None of the Afghan men interviewed who arrived in Turkey without their families since the Taliban takeover had been able to lodge applications for international protection at Provincial Directorate of Migration Management offices. Men who did not present themselves as part of a family group that included women or children were routinely told the offices were closed or were not taking applications from Afghan men, or they were given appointments months later. When they returned, they were still not able to register.

In February 2022, Deputy Interior Minister Ismail Çataklı said registrations for international protection would not be accepted in Ankara, Istanbul, and 14 other provinces. He also said residency permit registrations would not be accepted from foreigners for any neighborhood in which 25 percent or more of the population were foreigners. In June, Interior Minister Süleyman Soylu announced that from July 1, the proportion would be brought down to 20 percent and that 1,200 neighborhoods would be closed to registration.

Meanwhile, police and gendarmes have been detaining significant numbers of undocumented Afghans, and often coercing or deceiving them to sign so-called voluntary repatriation forms, then deporting them to Afghanistan. The Turkish government insists on maintaining the fiction that they are all voluntary returns.

Human Rights Watch found that many Afghans facing imminent deportation are given no opportunity to make refugee claims or otherwise challenge their deportation, and their signatures or fingerprints on voluntary return forms are often forced, obtained through deception, or forged.

Pushbacks violate multiple human rights norms, including the prohibition of collective expulsion under the European Convention on Human Rights, the right to due process in the International Covenant on Civil and Political Rights, and the principle of nonrefoulement under the 1951 Refugee Convention, which prohibits the return of refugees to places where their lives or freedom would be threatened. Turkish law also prohibits refoulement.

Because Turkish authorities block access to asylum, forcibly return people who appear to be refugees, and commit other abuses against migrants and people seeking international protection, Turkey does not meet the criteria of a safe third country provided by EU law under Article 38 of the Asylum Procedures Directive, Human Rights Watch said.
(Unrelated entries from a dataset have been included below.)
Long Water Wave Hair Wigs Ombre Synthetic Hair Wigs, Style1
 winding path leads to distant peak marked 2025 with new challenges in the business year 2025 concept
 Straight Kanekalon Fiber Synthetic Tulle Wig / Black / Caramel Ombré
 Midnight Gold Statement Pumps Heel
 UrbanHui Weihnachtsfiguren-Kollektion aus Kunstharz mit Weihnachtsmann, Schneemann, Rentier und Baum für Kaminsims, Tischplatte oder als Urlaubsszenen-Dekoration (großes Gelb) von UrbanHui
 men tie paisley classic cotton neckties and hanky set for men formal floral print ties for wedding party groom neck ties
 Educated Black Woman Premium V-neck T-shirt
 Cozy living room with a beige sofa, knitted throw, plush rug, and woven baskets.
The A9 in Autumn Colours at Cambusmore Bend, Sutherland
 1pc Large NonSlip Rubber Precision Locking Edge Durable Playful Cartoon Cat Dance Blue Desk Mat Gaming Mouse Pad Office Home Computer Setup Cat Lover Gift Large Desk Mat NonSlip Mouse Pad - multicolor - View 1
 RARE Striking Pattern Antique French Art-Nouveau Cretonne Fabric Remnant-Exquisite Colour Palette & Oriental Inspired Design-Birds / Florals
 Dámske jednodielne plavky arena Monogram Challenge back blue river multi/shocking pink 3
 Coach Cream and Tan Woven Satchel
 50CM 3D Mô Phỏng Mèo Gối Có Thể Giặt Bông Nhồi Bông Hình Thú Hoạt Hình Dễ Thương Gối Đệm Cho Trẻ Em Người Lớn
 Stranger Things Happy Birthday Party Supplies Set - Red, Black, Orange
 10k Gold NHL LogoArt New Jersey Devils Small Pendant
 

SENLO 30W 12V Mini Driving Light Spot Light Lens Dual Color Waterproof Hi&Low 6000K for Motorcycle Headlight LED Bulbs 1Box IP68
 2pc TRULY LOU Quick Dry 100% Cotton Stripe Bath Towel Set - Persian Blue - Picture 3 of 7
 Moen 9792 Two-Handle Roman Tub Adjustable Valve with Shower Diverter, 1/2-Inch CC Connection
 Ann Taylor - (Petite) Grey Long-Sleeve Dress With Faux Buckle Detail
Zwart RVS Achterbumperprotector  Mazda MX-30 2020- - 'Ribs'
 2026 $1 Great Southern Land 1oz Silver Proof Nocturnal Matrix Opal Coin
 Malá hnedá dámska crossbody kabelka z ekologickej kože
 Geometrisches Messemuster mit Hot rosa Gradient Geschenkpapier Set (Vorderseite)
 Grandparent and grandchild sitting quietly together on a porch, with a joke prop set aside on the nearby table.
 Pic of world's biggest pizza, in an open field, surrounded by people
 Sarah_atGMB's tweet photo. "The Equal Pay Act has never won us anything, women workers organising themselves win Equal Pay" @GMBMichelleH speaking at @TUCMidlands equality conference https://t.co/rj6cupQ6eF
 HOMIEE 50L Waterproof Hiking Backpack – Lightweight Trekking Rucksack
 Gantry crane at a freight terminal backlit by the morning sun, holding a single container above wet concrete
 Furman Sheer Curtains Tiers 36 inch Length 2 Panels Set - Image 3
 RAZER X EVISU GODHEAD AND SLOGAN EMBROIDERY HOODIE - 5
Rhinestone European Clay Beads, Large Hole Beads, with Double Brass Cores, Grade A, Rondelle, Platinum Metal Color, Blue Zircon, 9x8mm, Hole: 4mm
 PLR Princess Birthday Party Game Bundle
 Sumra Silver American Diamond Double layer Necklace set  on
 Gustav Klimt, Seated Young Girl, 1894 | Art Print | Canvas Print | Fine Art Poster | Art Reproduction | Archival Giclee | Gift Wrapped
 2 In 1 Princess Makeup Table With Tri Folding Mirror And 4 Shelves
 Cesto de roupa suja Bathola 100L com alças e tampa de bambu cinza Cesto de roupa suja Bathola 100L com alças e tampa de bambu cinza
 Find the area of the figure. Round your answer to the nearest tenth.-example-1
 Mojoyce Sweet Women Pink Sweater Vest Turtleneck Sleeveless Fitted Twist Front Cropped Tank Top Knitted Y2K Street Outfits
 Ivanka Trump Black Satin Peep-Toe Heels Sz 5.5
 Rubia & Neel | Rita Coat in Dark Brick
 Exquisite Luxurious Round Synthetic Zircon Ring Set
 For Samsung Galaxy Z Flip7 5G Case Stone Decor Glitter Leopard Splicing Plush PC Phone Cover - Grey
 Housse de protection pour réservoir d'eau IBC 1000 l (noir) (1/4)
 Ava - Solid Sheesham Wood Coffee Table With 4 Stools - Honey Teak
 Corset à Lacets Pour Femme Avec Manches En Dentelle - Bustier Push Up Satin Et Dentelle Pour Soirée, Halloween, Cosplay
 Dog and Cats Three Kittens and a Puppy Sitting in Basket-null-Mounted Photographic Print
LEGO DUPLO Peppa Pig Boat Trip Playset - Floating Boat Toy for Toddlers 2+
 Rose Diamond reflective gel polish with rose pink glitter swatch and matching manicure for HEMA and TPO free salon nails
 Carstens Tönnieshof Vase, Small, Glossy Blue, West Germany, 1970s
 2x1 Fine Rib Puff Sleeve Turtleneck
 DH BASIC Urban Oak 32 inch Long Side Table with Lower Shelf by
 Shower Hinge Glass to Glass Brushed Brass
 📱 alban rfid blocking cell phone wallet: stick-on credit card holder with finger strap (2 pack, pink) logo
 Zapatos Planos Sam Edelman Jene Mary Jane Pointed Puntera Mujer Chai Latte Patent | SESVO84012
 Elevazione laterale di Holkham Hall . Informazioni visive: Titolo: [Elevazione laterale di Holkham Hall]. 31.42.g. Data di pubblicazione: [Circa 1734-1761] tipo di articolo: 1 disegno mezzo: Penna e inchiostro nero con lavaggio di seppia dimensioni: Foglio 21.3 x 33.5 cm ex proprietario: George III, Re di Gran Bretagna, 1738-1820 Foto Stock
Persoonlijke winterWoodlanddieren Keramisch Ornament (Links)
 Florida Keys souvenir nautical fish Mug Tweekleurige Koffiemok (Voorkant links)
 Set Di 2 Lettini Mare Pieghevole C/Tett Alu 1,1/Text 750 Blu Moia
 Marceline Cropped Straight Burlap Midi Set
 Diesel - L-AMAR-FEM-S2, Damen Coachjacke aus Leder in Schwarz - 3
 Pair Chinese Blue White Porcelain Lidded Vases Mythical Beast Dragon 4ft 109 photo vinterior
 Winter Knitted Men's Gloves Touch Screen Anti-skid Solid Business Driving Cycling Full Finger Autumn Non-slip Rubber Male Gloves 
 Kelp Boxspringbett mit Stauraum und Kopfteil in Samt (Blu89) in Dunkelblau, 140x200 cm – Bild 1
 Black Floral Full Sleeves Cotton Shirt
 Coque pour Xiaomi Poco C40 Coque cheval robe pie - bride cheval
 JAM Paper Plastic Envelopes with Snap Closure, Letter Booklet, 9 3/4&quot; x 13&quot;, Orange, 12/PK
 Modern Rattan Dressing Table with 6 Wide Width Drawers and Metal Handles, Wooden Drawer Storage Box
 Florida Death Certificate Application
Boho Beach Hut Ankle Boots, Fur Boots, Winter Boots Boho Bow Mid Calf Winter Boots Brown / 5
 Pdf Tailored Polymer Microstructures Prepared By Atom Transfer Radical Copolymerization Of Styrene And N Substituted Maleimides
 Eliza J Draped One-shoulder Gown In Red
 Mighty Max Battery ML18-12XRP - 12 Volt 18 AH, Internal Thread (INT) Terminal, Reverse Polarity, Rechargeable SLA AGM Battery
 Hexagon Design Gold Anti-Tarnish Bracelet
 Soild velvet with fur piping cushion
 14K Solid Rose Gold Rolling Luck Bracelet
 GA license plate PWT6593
“No EU member state should deny access to asylum for Afghans or other nationals under the pretense that Turkey would be a safe third country for them,” Frelick said. “EU’s migration management support to Turkey should be made conditional on demonstrated assurances that such support doesn’t contribute to denying people their right to seek asylum or to returning them to places where their lives or freedom would be threatened.”